> INPUT DATA
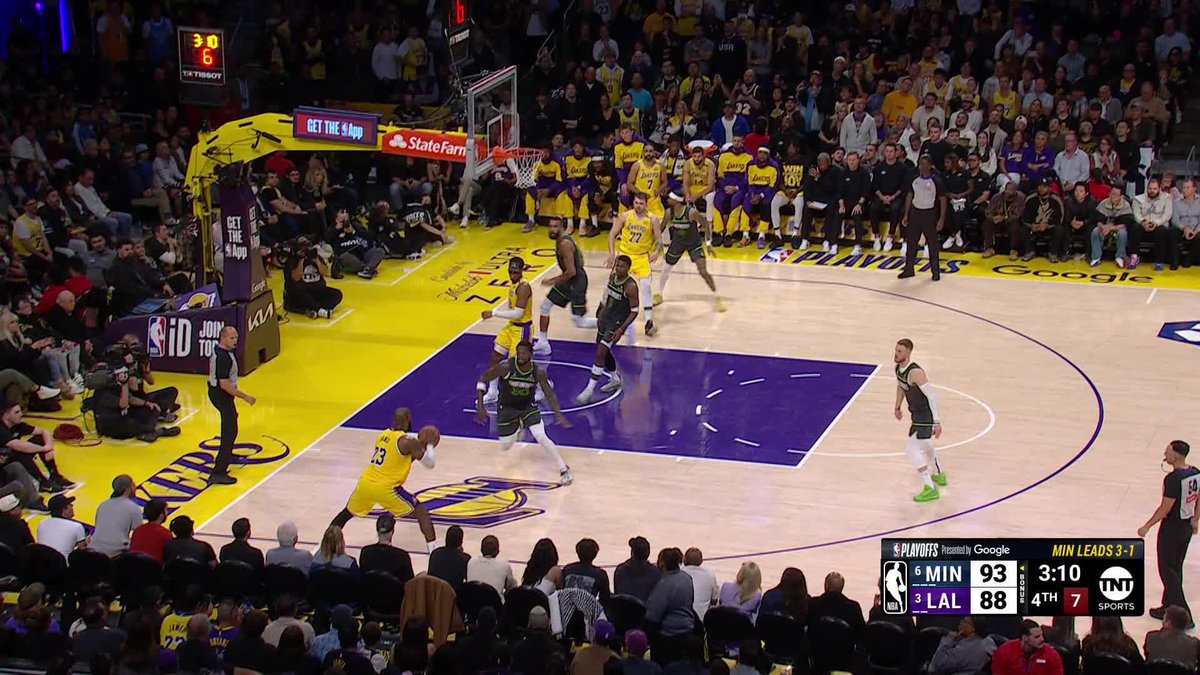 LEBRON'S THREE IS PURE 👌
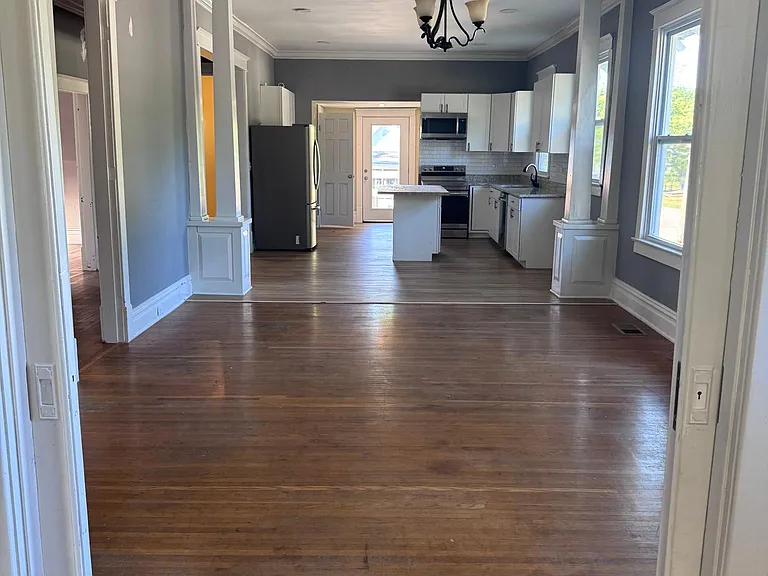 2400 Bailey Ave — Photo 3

---

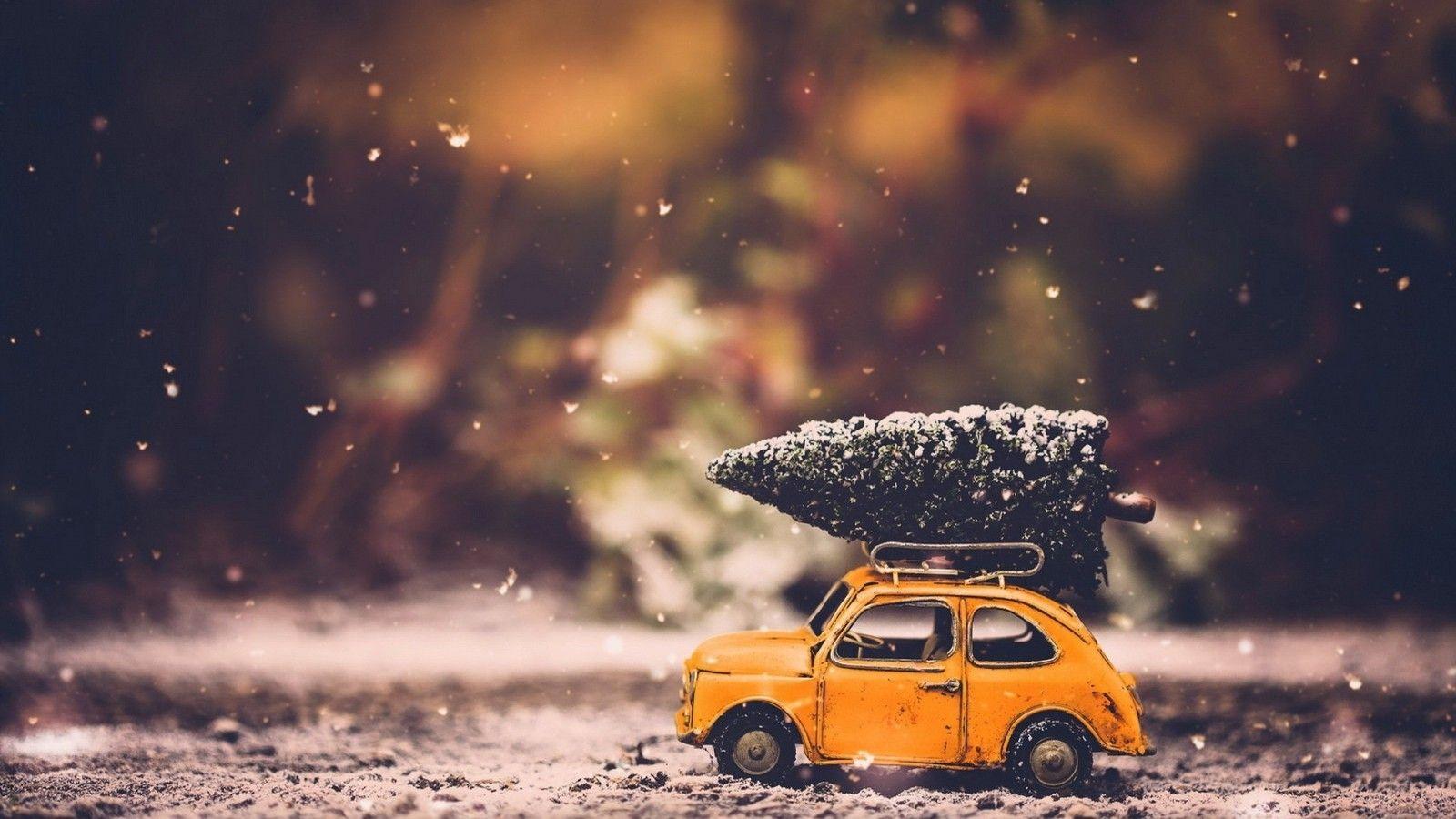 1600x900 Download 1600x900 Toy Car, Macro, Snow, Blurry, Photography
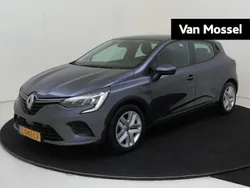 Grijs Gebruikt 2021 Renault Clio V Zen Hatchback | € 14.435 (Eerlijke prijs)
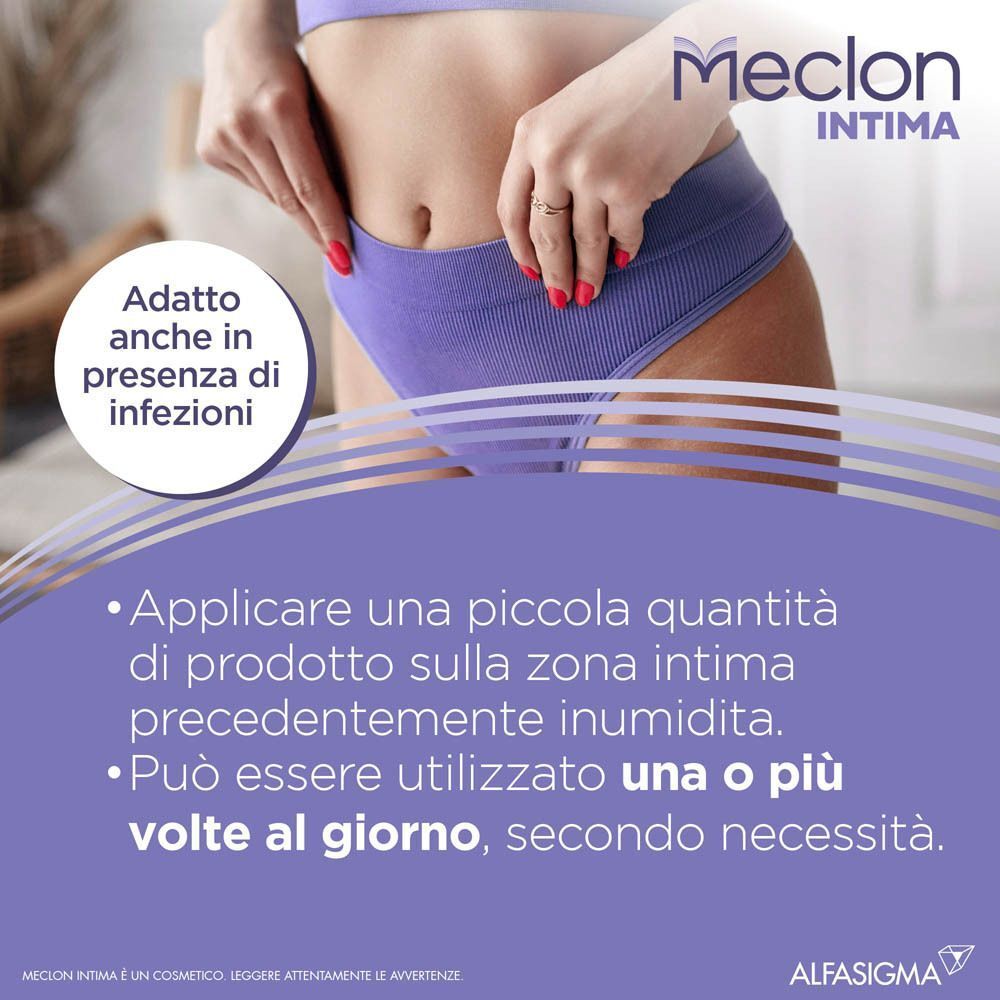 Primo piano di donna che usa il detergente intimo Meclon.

> TRY IT
Among the entries above, find the line with "1600x900 Download 1600x900" and repeat exactly from there through the line with "Primo piano di", leaving out the pictures.

> ANSWER BELOW
 1600x900 Download 1600x900 Toy Car, Macro, Snow, Blurry, Photography
 Grijs Gebruikt 2021 Renault Clio V Zen Hatchback | € 14.435 (Eerlijke prijs)
 Primo piano di donna che usa il detergente intimo Meclon.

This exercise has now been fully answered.